The newly launched centre is going to monitor, research and document cases of racism and xenophobia across the region, with a special emphasis on Poland and Ukraine.
‘The growing social significance of football in Poland and Ukraine before 2012 provides an excellent opportunity to highlight the pressing issues of xenophobia and racism in Eastern Europe’ – said sociologist Dr Rafal Pankowski, the Monitoring Centre coordinator. ‘Our starting point is racism in football, but we see it in a more general context of discrimination in broader society’ – explains the assistant coordinator Jacek Purski.
Many Eastern European states have witnessed a rise in racism, antisemitism and far right political activities over the past two decades. Over the same period football, which mirrors so many social developments, has also seen overt examples of these problems across the region.
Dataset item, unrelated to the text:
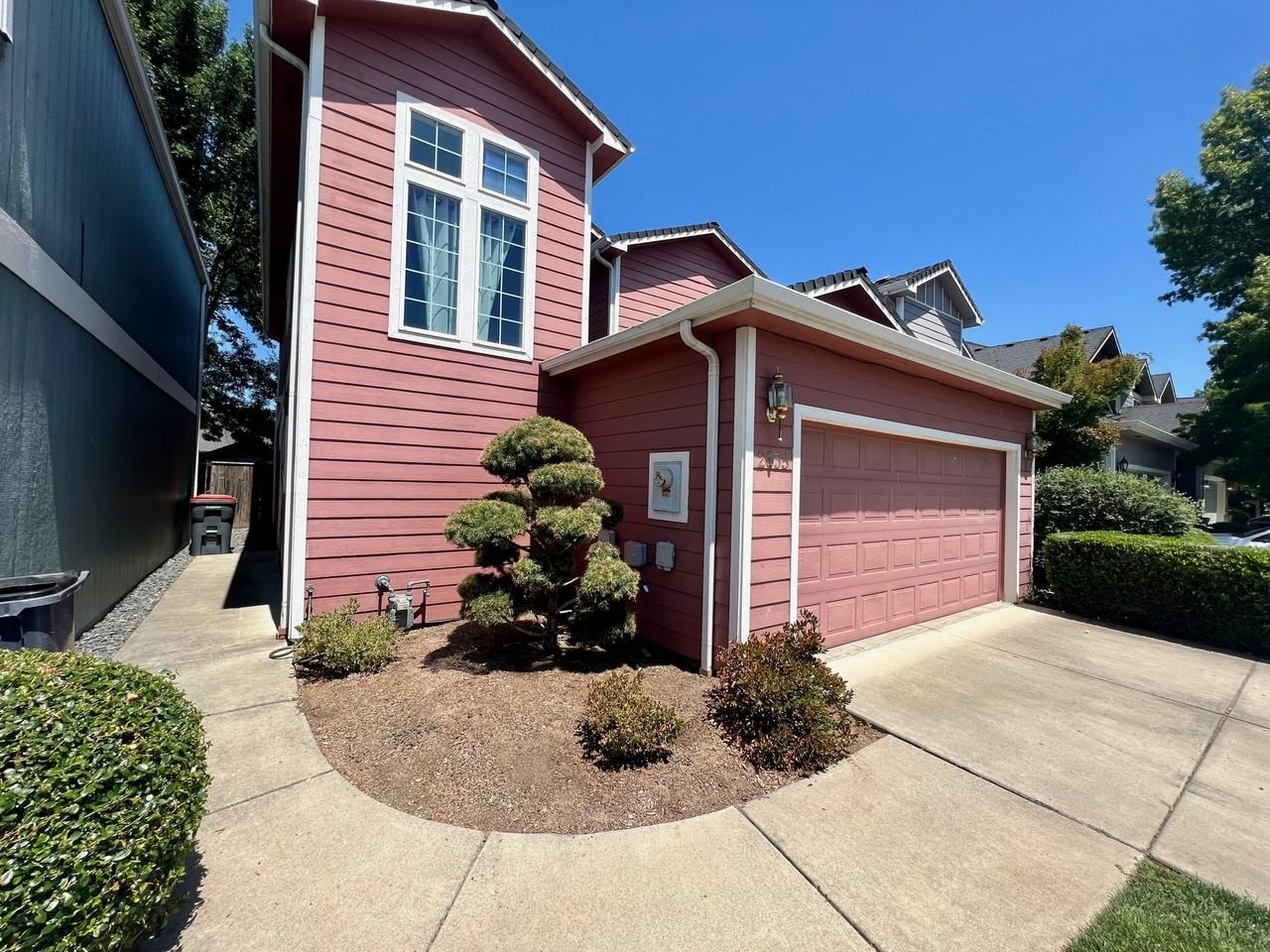 2635 Parkwood Village Ln #1 - Photo 3 of 30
The Centre is a part of the three-year FARE Eastern European Development Project, funded by UEFA in the run up to the 2012 European Football Championship in Poland and Ukraine. The project’s core objectives are:
– To support the preparation of Euro 2012 and anti-discriminatory activities through training programmes, lobbying activities and partnerships with governing bodies, Local Organising Committees, and host cities,
– To work alongside and capacity-build ethnic minority communities to challenge discrimination,
– Increase the profile of FARE (Football Against Racism in Europe) and the Unite Against Racism programme and its ethos in Eastern Europe,
– To build a resource and campaigning hub to support a long-term anti-discrimination action in football in Eastern Europe.
The project will also have a wider country base with a strong focus on Hungary and Slovakia. Several other states, namely Romania, Bulgaria, Russia, Belarus and Moldova, are going to be monitored and awareness-raising activities are to be explored there, too.
The overall project management is lead by the ‘NEVER AGAIN’ Association in Warsaw. The other partners in the project coordination team are: People Against Racism in Slovakia, the Mahatma Gandhi Human Rights Organisation in Hungary, and Fairplay in Austria. The project team intends to cooperate with numerous other NGOs and ethnic minority groups across Eastern Europe.